The Death of the Vibe Check
Why empirical benchmarks are the only way to survive the frontier model race
For the past year, the discourse surrounding large language models has been dominated by 'vibes'. We see a developer post a screenshot of a clever coding solution, or a writer marvel at a particularly lyrical paragraph, and we collectively decide that Model X is 'better' than Model Y. This is a dangerous way to build a business. When Anthropic released Sonnet 5, the industry was ready to repeat this cycle of shallow impressions. But impressions do not scale, and they certainly do not provide the rigorous data needed to integrate these tools into professional workflows. To understand if a model actually improves, we must move past the anecdotal and toward the repeatable.
Building the Bench
The solution is not to trust a single, static benchmark like MMLU, which often becomes a game of memorisation for training sets. Instead, we need custom, repeatable evaluation harnesses. Using Claude Code, a testing framework called the 'How I AI Bench' was constructed in under forty-five minutes. This wasn't a survey of general knowledge, but a targeted strike on specific utility: PRD quality, prototype generation, agentic task completion, and agent personality. The methodology combined human scoring—weighted at 70% to capture the qualitative essence of a good output—with LLM-as-a-judge scoring at 30% to provide a baseline of logic and structure. This hybrid approach acknowledges that while machines can check for syntax, humans still define what constitutes a 'good' idea.
Vibes are for enthusiasts; benchmarks are for engineers.
When running Sonnet 5 blind against its competitors—including GPT-5.5 and Gemini 3 Pro—the results challenged the prevailing narrative.
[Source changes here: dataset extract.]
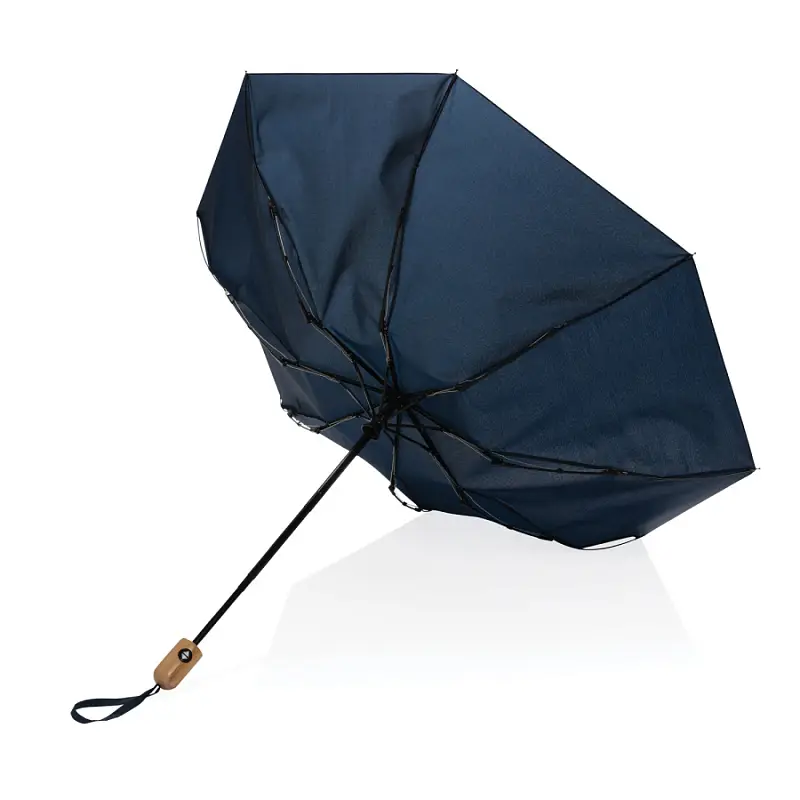 Автоматический зонт Impact из RPET AWARE™ с бамбуковой рукояткой, d94 см - P850.615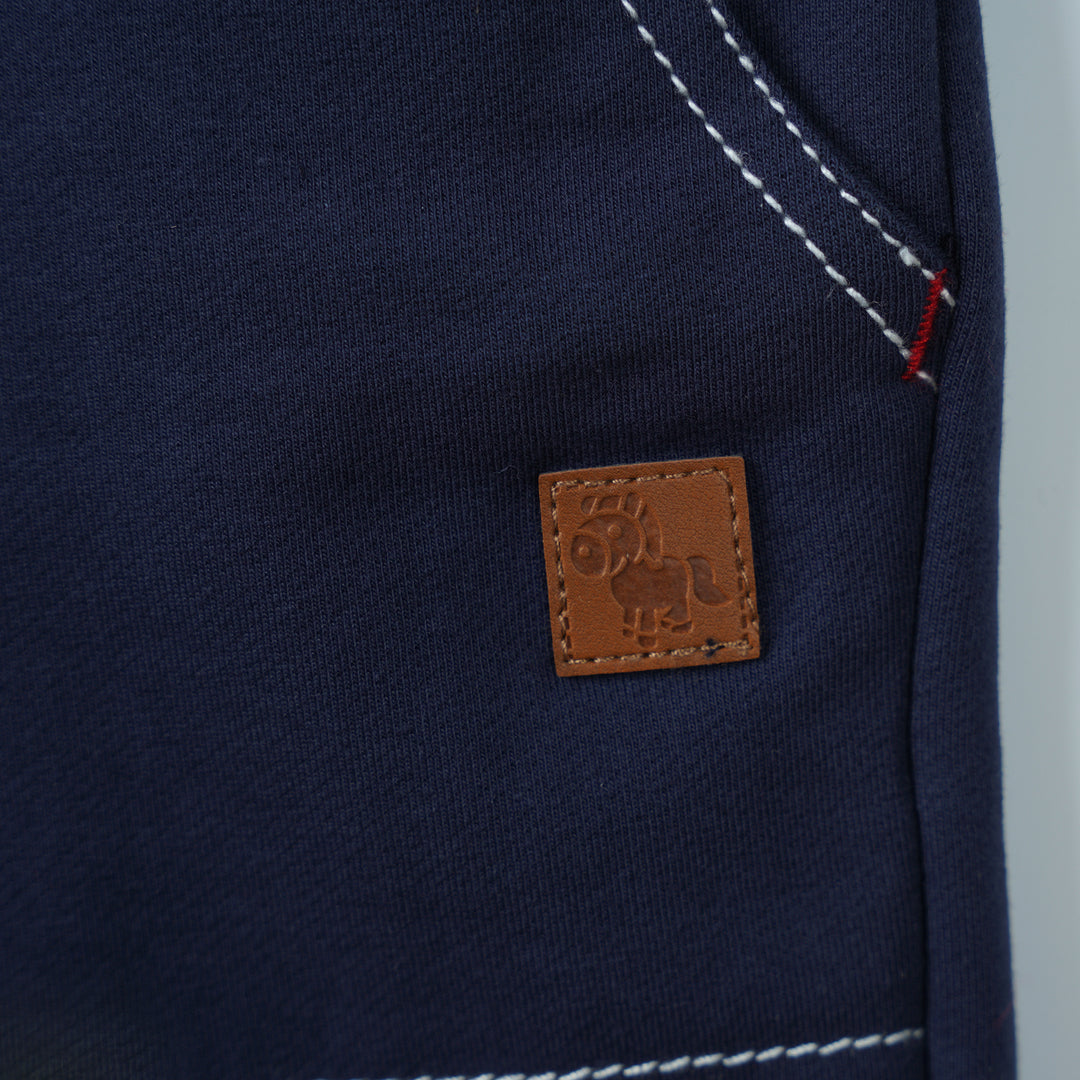 Poney Boys Contrast Stitch Colour Bermuda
We often assume that the largest model is the best model, but the data suggests a more fragmented reality. For certain tasks, like writing a Product Requirements Document (PRD), a specific model might excel because of its adherence to structure. For others, like complex coding prototypes, a different model might win on its ability to reason through recursive errors. The 'winner' depends entirely on the job description you give the agent.
- Product Requirements: Claude Sonnet 5 for its structural discipline.
- Complex Prototyping: High-reasoning models with better error-correction loops.
- Daily Agent Interaction: Models with high 'personality' scores that don't feel robotic.
The takeaway for agency owners and product leads is clear: stop asking your team if a model 'feels' better. Start building your own evaluation datasets. If you cannot measure the delta between Sonnet 4.6 and Sonnet 5 in your specific use case, you are not using AI; you are just playing with a very expensive toy. The competitive advantage of the next decade will go to those who can quantify the performance of their autonomous agents.
Replace subjective impressions with repeatable, task-specific evaluation harnesses to drive real ROI.